Do these also increase inference speed? How much work is it to switch from CUDA based software to one of these?

cdsmith t1_j60q0bs wrote on January 26, 2023 at 9:59 PM

I can only answer about Groq. I'm not trying to sell you Groq hardware, honestly... I just honestly don't know the answers for other accelerator chips.

Groq very likely increases inference speed and power efficiency over GPUs; that's actually its main purpose. How much depends on the model, though. I'm not in marketing so I probably don't have the best resources here, but there are some general performance numbers (unfortunately no comparisons) in this article, and this one talks about a very specific case where a Groq chip gets you a 1000x inference performance advantage over the A100.

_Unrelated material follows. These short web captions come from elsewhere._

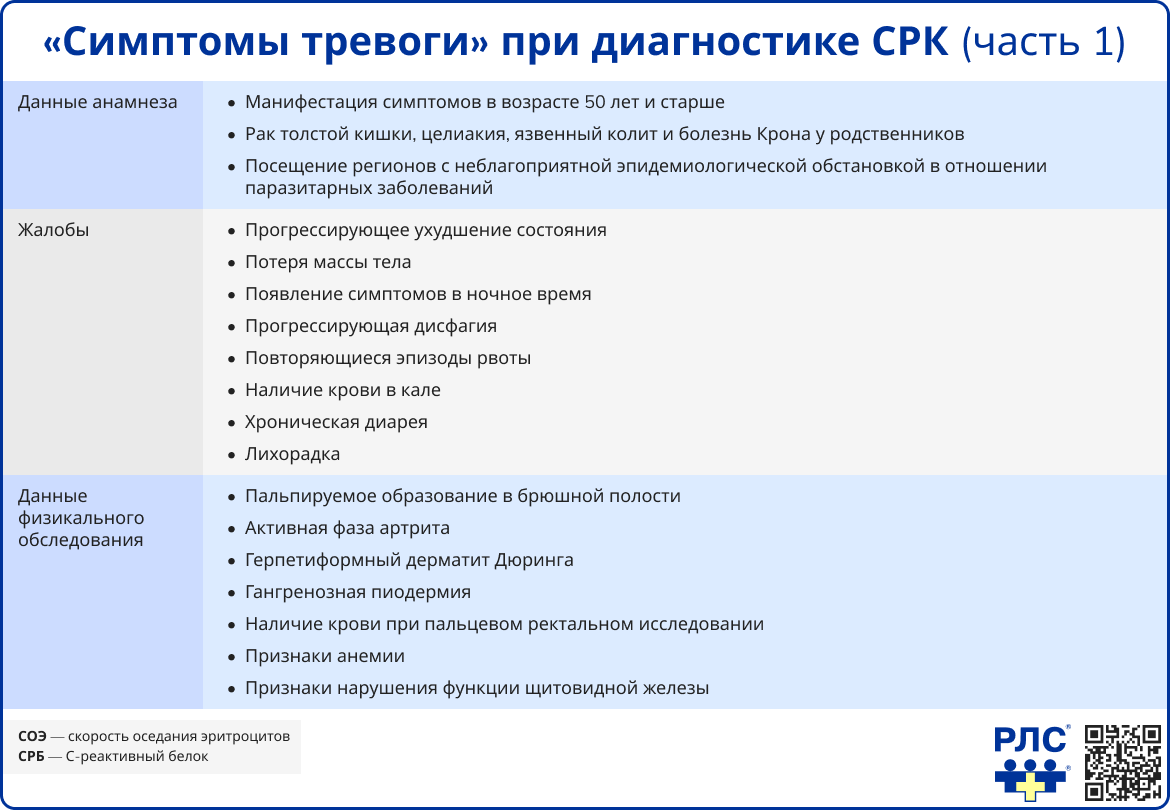 Симптомы тревоги при диагностике СРК часть 1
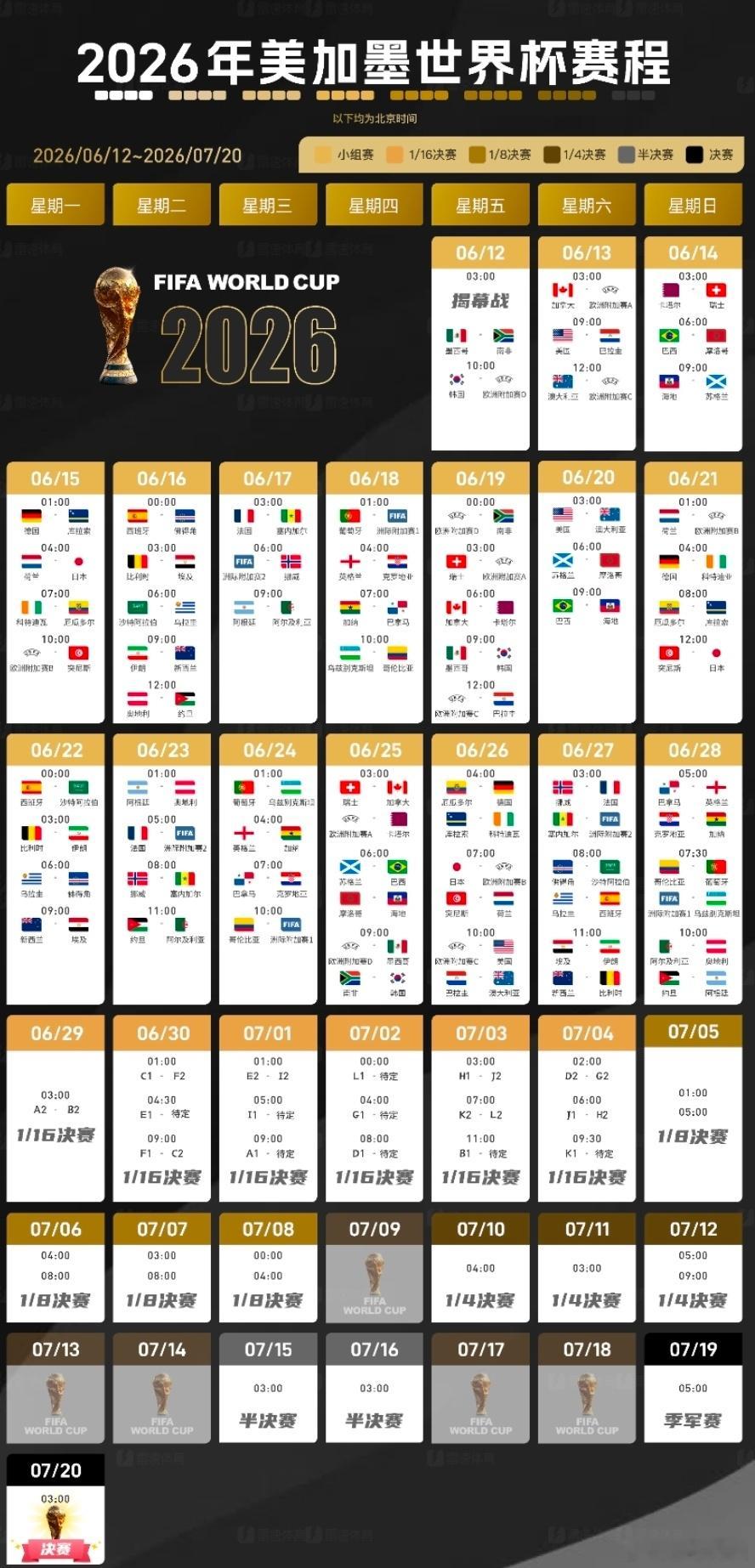 美加墨世界杯期间共有44场比赛在北京时间7点-12点开球今日凌晨，FIFA国际足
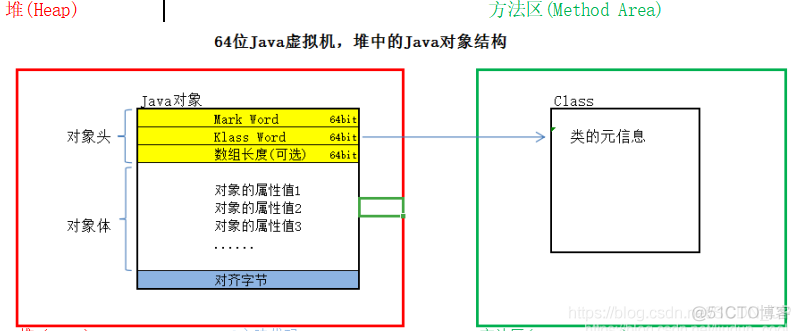 java 程序 数据级锁 java锁升级细节_开发语言_02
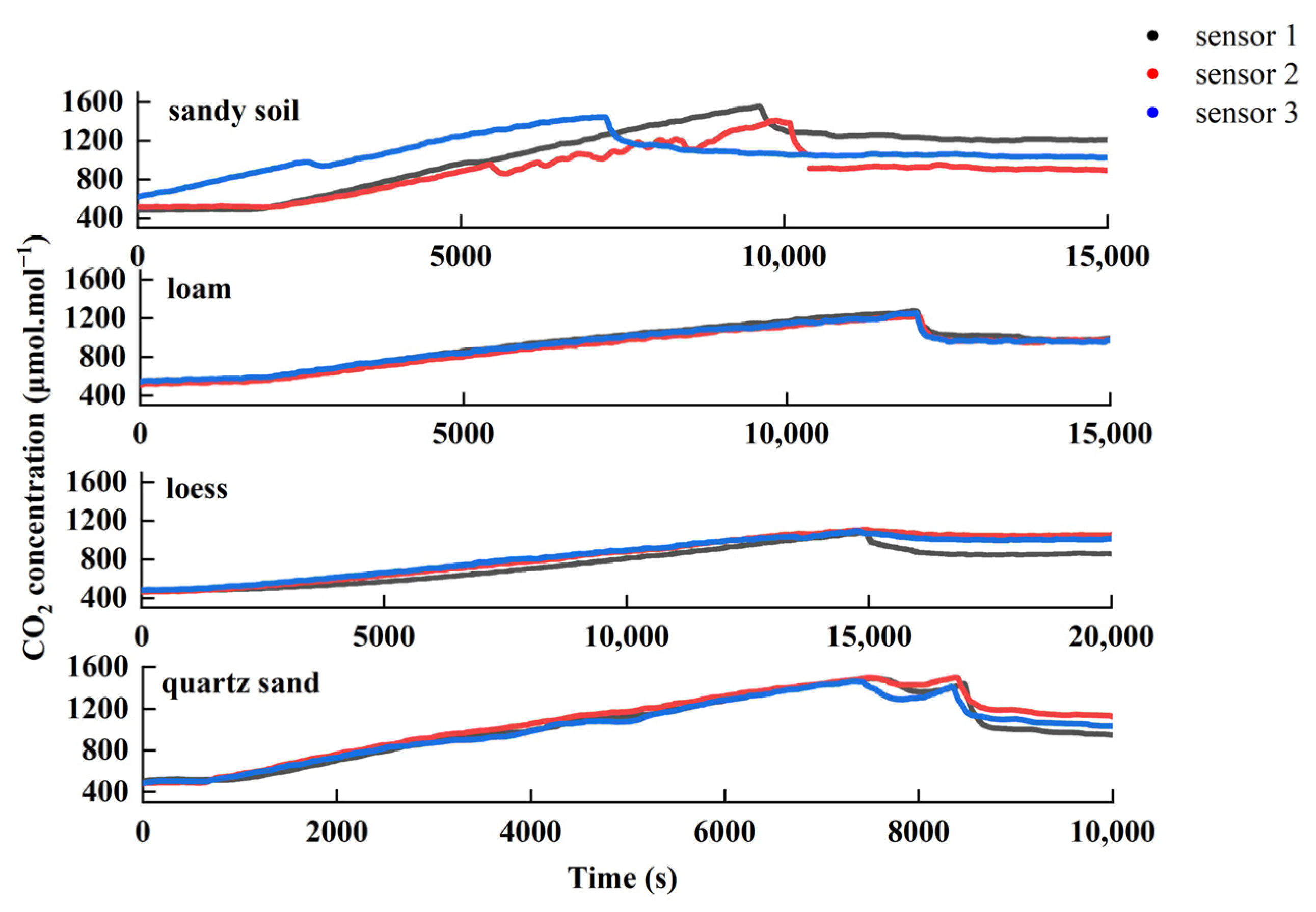 Sustainability 16 10501 g004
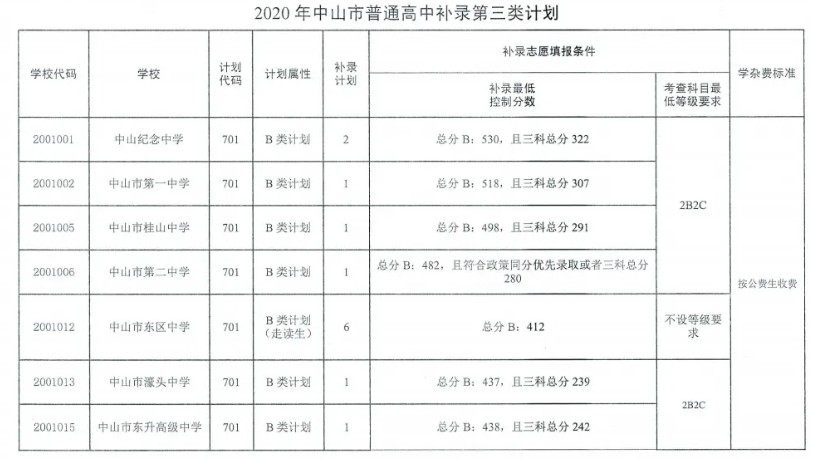 中山市2020年补录学校分数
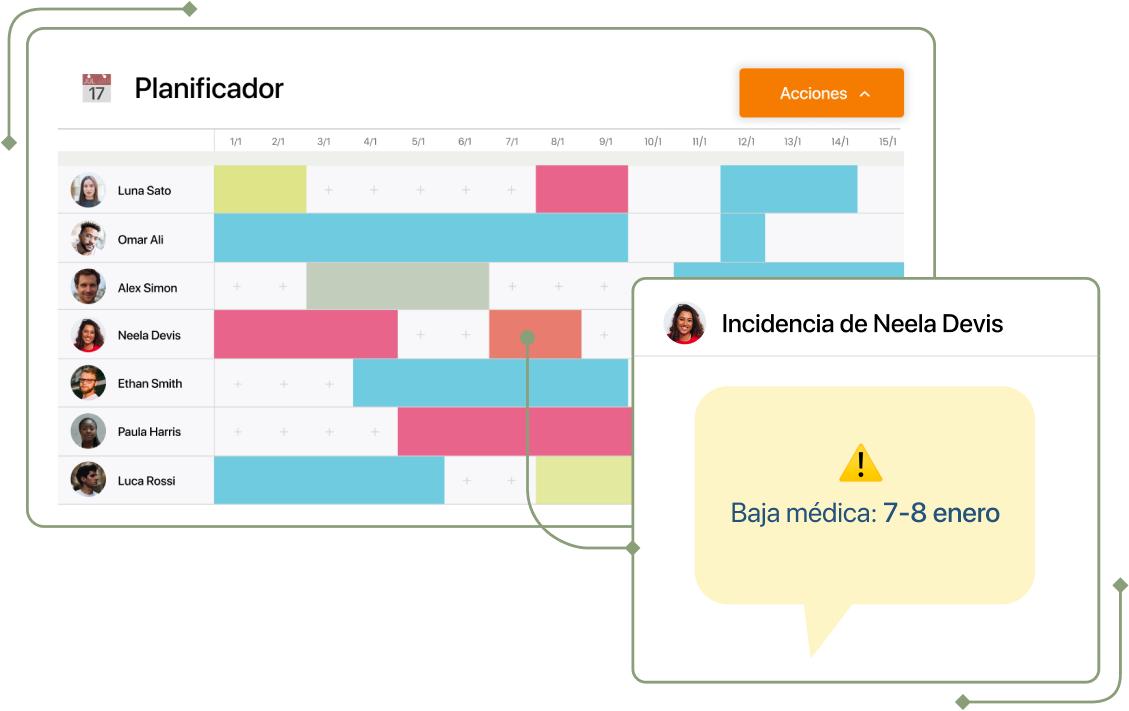 Captura de incidencia planificador baja medica en TramitApp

To run a model on a Groq chip, you would typically start before CUDA enters the picture at all, and convert from PyTorch, Tensorflow, or a model in several other common formats into a Groq program using https://github.com/groq/groqflow. If you have custom-written CUDA code, then it's likely you've got some programming work ahead of you to run on something besides a GPU.

lucidrage t1_j61so7l wrote on January 27, 2023 at 2:33 AM

>convert from PyTorch, Tensorflow, or a model in several other common formats into a Groq program

Are there any effort spend in adding a plugin for a high level framework like keras to automatically use groq?

cdsmith t1_j62a3yv wrote on January 27, 2023 at 4:55 AM

I'm not aware of any effort to build it into Keras, but Keras models are one of the things you can easily convert to Groq chips using groqflow.